Strong typing in programming languages

Strong typing can reduce defects and make code more readable

·

10 min read

Background

In the previous post I removed all syntax and language content to focus on just:

  • Structure, in the form of an aggregate
  • Sequence, in the form of an ordered number of steps
  • Classification, in the form of a type

Most programming languages have the attributes above (they are pretty much essential). But it is the last attribute, that of type; where languages vary in their use.

In this post I'll articulate why I think strong typing is important. Strong typing is the combination of Structure and Classification. For example an Address type could be defined as:

  • House Number
  • Street Name
  • City
  • Region
  • Postcode (Zipcode)

The above defines an aggregate called Address. Most people would not expect that type to fundamentally change in structure once declared. The values might not be set; but most people would not expect 'City' to no longer exist in some contexts and reappear in others. Some programming languages do allow this.

We are used to the idea that once something is classified it will; in general remain of that classification unless some significant event occurs to transform it. Following that event it is normally reclassified in some way.

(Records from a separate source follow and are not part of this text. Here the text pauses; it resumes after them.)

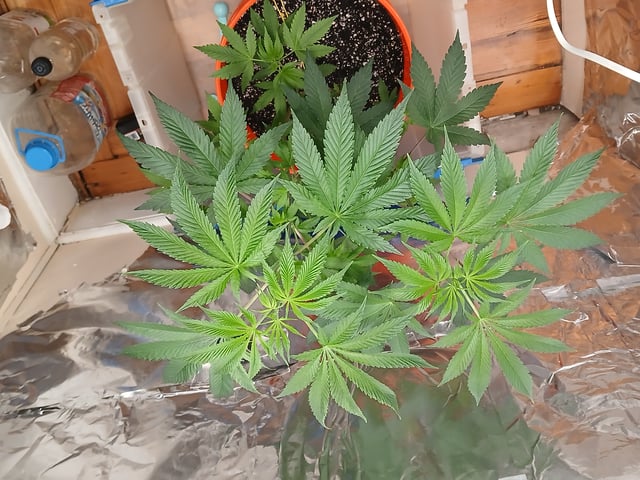 triangle kush  — vegetative, day 12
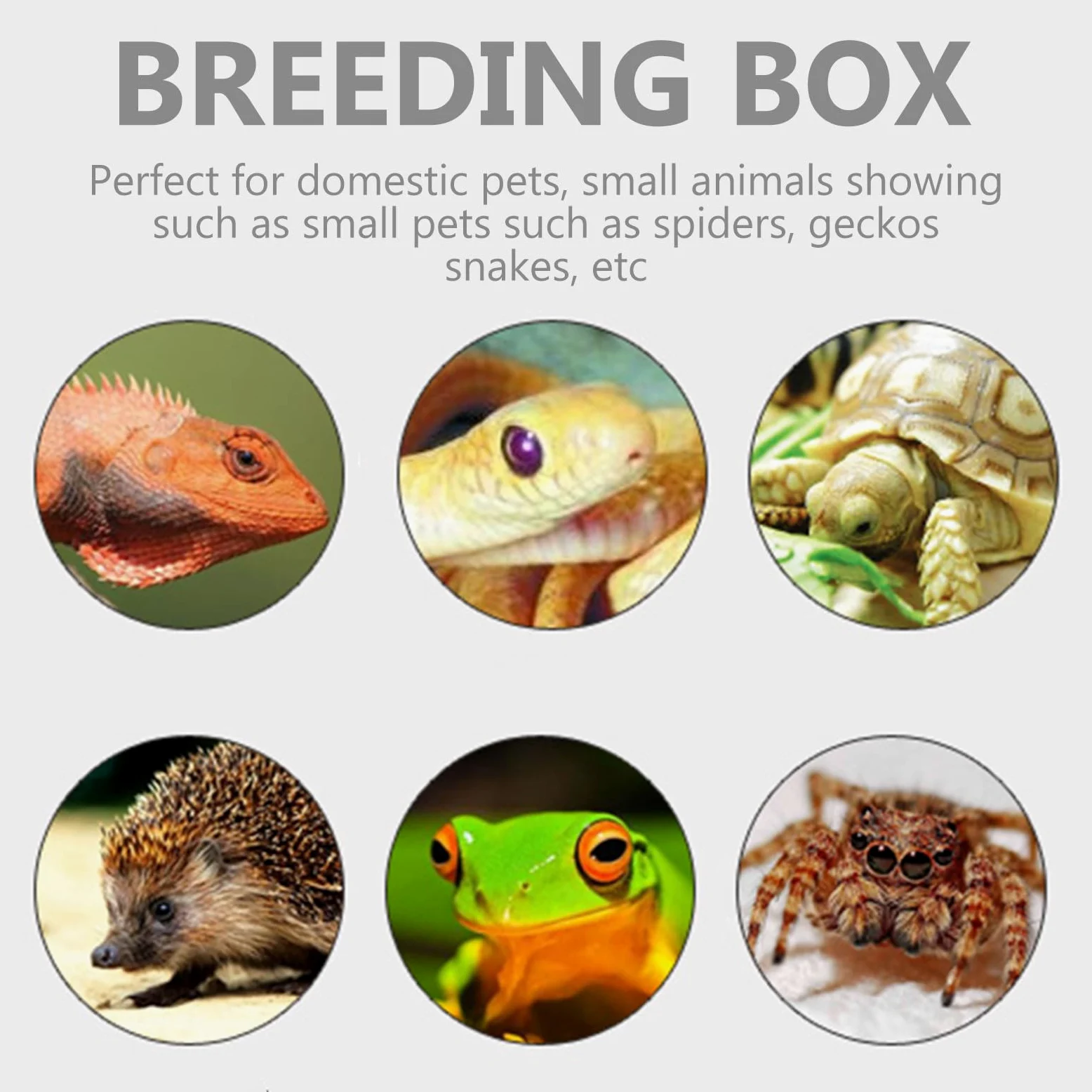 Terrario Pequeño para Reptiles y Mascotas Agujeros Transpirables, Acrílico Transparente Fácil de Observar, Adecuado para Incubadora y Hábitat Doméstico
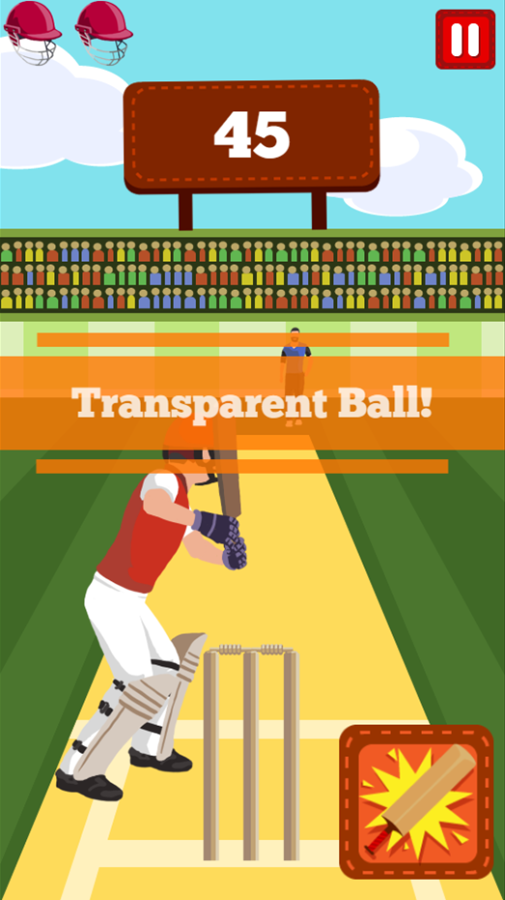 Pro Cricket Champion Game Transparent Ball Screen Screenshot.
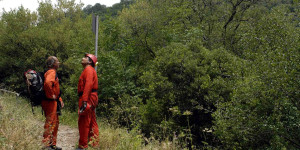 Ιεράπετρα: Συνδρομή ελικοπτέρου στη «μάχη» για τον εντοπισμό της 65χρονης Ισραηλινής συγγραφέως Ιεράπετρα: Συνδρομή ελικοπτέρου στη «μάχη» για τον εντοπισμό της 65χρονης Ισραηλινής συγγραφέως
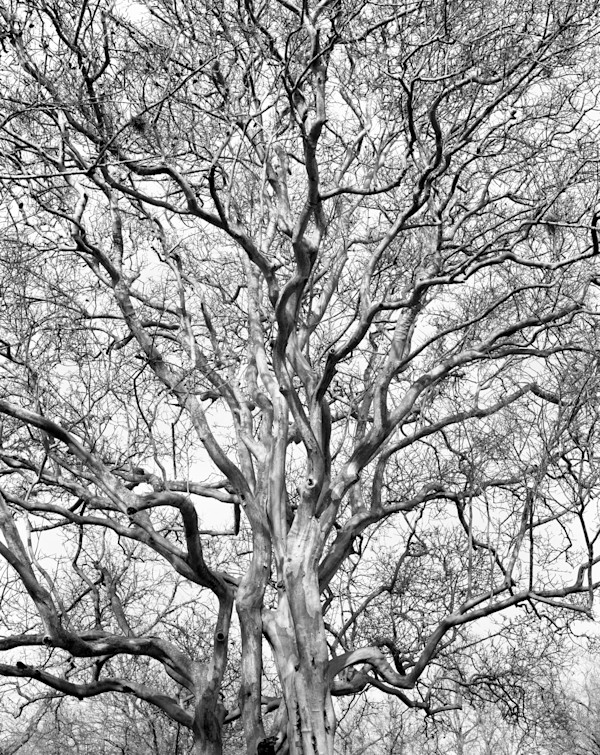 TG_Old Persimmon by Billy Moore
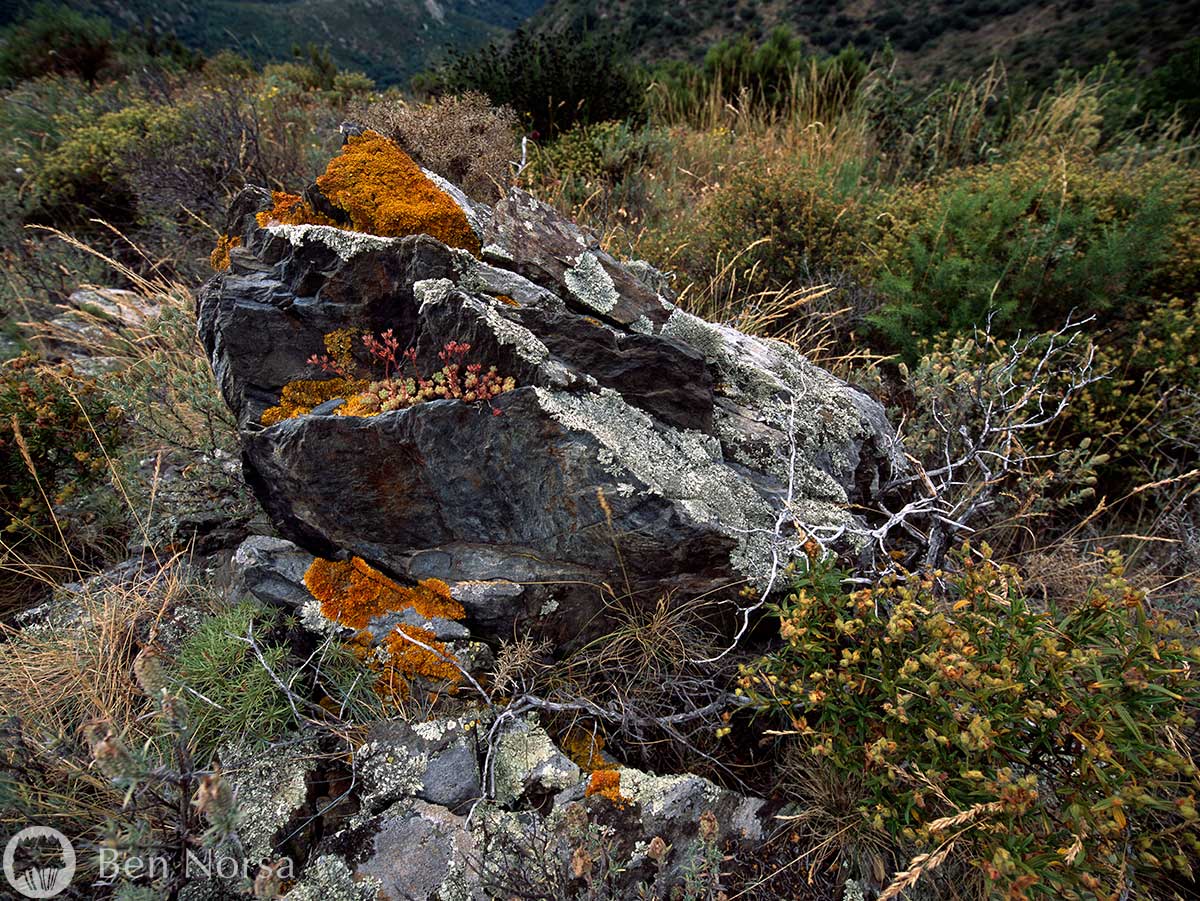 Landscape photographic print of Rock sculpture, landscape - Pyrenees, France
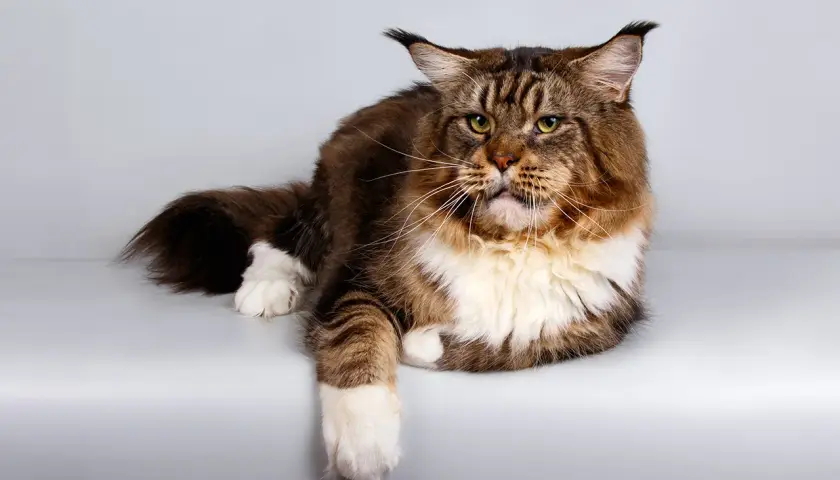 Majestatyczny kot rasy Maine Coon, jeden z najpiękniejszych kotów rasowych, z bujnym futrem i charakterystycznymi pędzelkami na uszach.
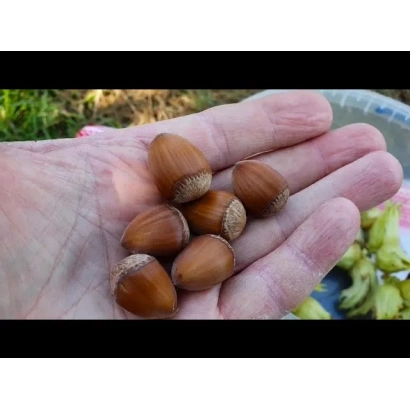 Коричневые орехи фундука в ладони человека на фоне зелени - Панський
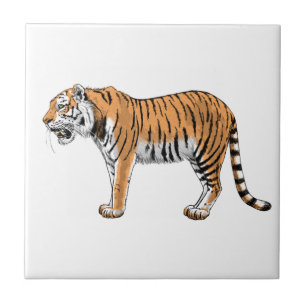 Tiger Kakelplatta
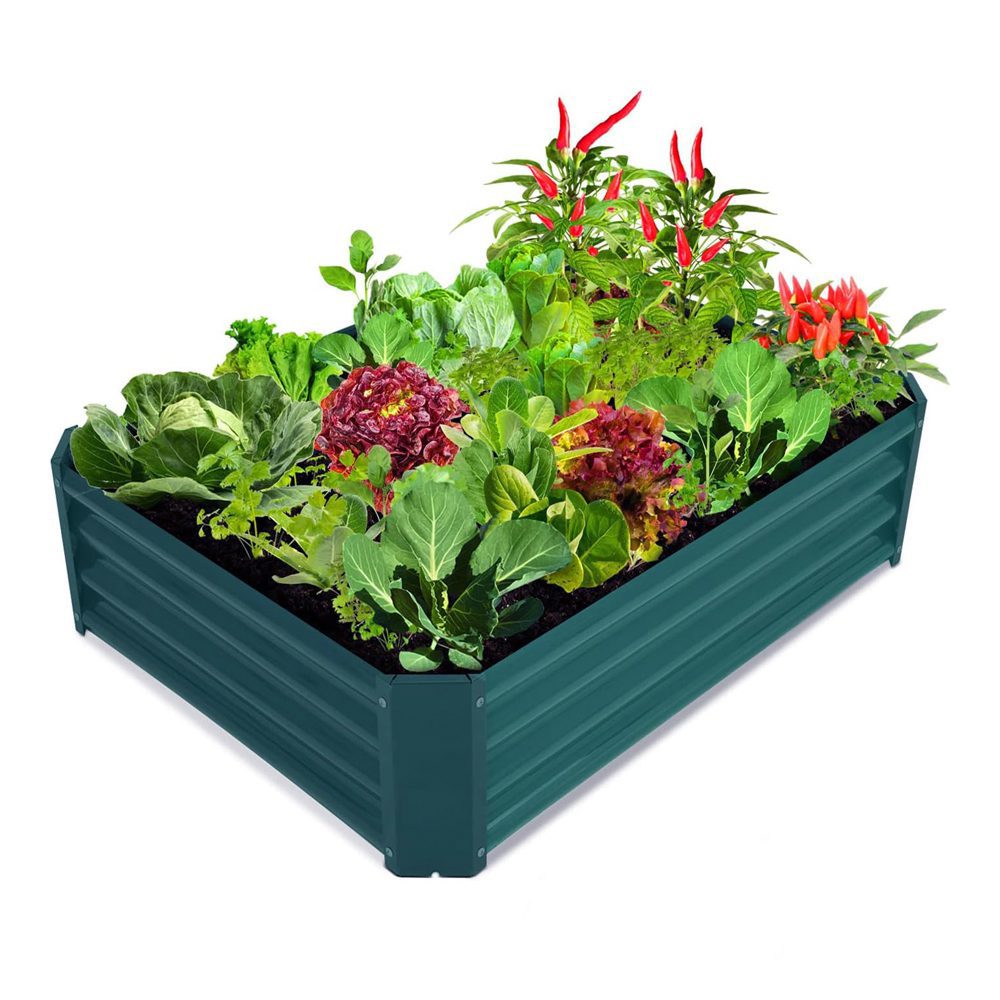 Bancal huerto urbano invernadero cajón - Imagen 2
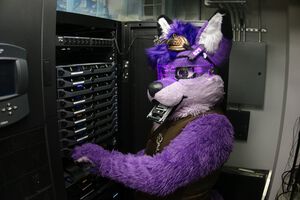 EmberFox - WikiFur, the furry encyclopedia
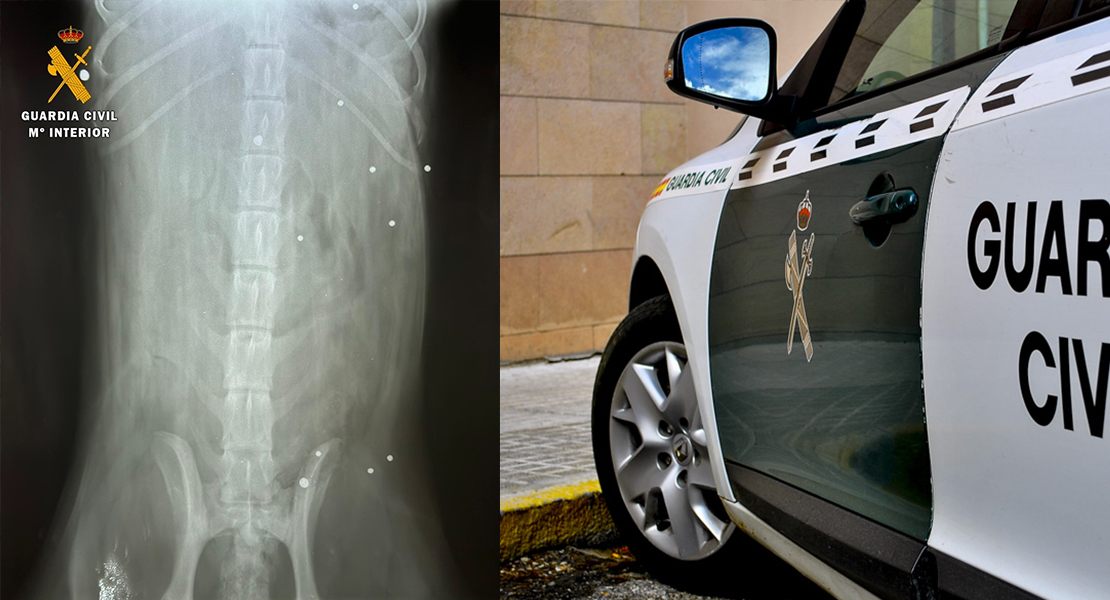 Investigado por pegar tres tiros al perro de su vecina en un pueblo extremeño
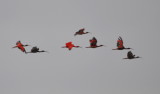 DSC_0936b.JPG
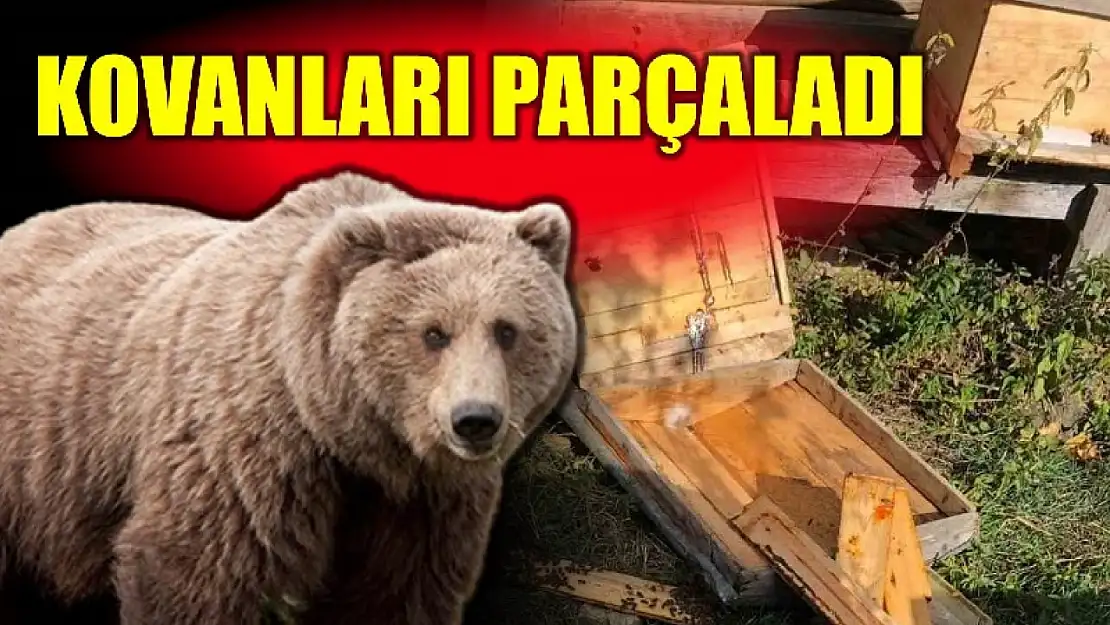 Kovanları paramparça etti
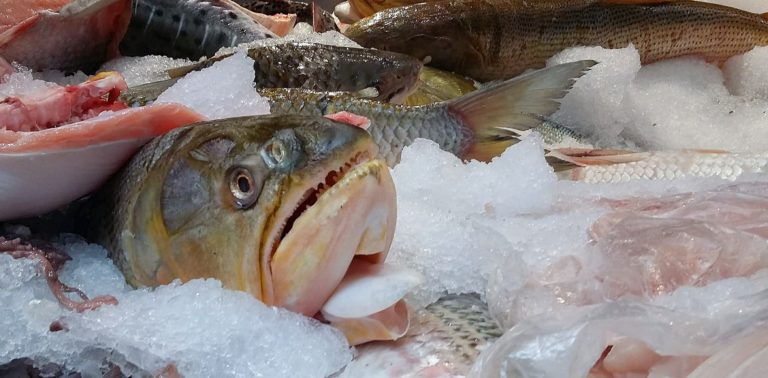 En Córdoba encuentran un cóctel de antibióticos en peces que se venden para consumo familiar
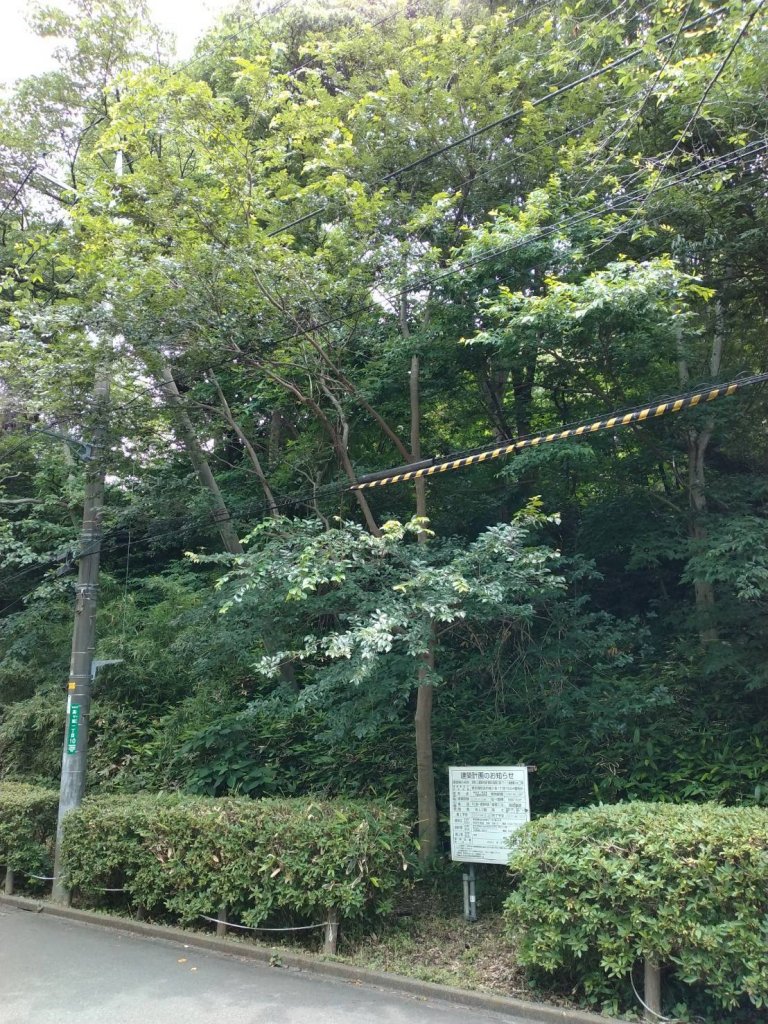 (仮称)公園案内棟/喫茶/版画工房/アート体験棟新築工事 新築工事現場の全景写真(2025年9月6日撮影)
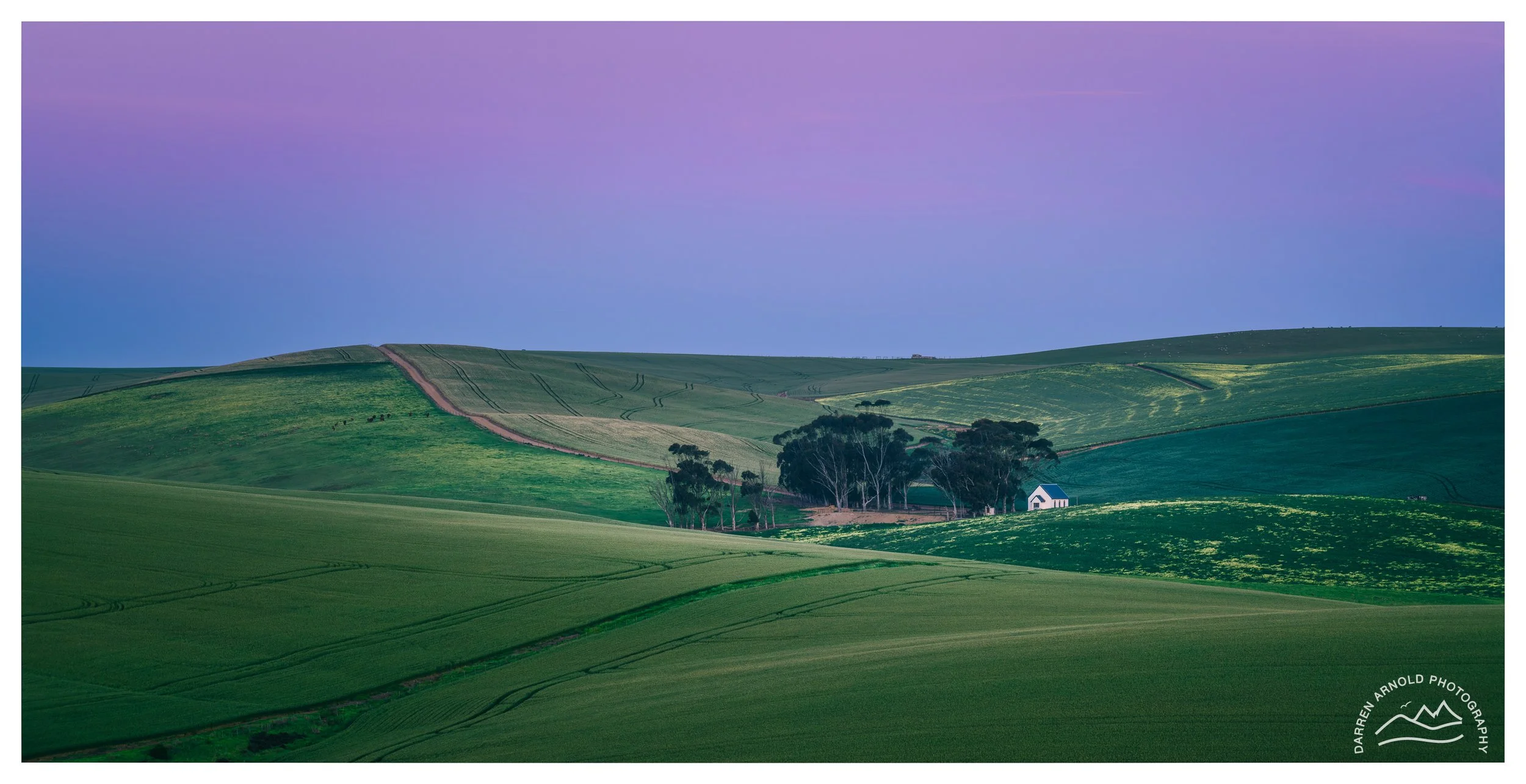 Web_Purple Prayers Pano_20250905_pm_Overberg.jpg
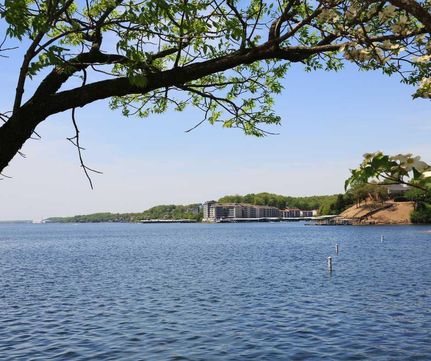 Undeveloped Land in Benton County, Missouri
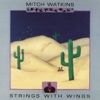 Strings with Wings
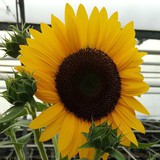 Bee-Friendly Sunflowers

So in line with creating a programming language that most people will be able to adopt and understand; I think it is quite important to base the language on that principle. Moreover we look to create order and classification almost by nature and without detailed thought. Humans are almost always looking to group and classify things they observe, it is in our nature.

Why Types

Even languages that are dynamic in nature like Javascript, do have types. It's just that those languages tend to be a little 'free-and-easy' with type conversions.

That is to say Javascript will allow (snip from @codingyuri original post)

let num1 = 5;
let num2 = 7;
num1 = num1.toString();
let total = Number(num1 + num2)

So you may ask, why is this strange? While not explicit num1 and num2 have been classified as Number. When I say classified I mean most people now create a mental mapping that something called 'num1' (a variable) is of type Number. The Javascript runtime has also classified them and a Number (typeof shows this).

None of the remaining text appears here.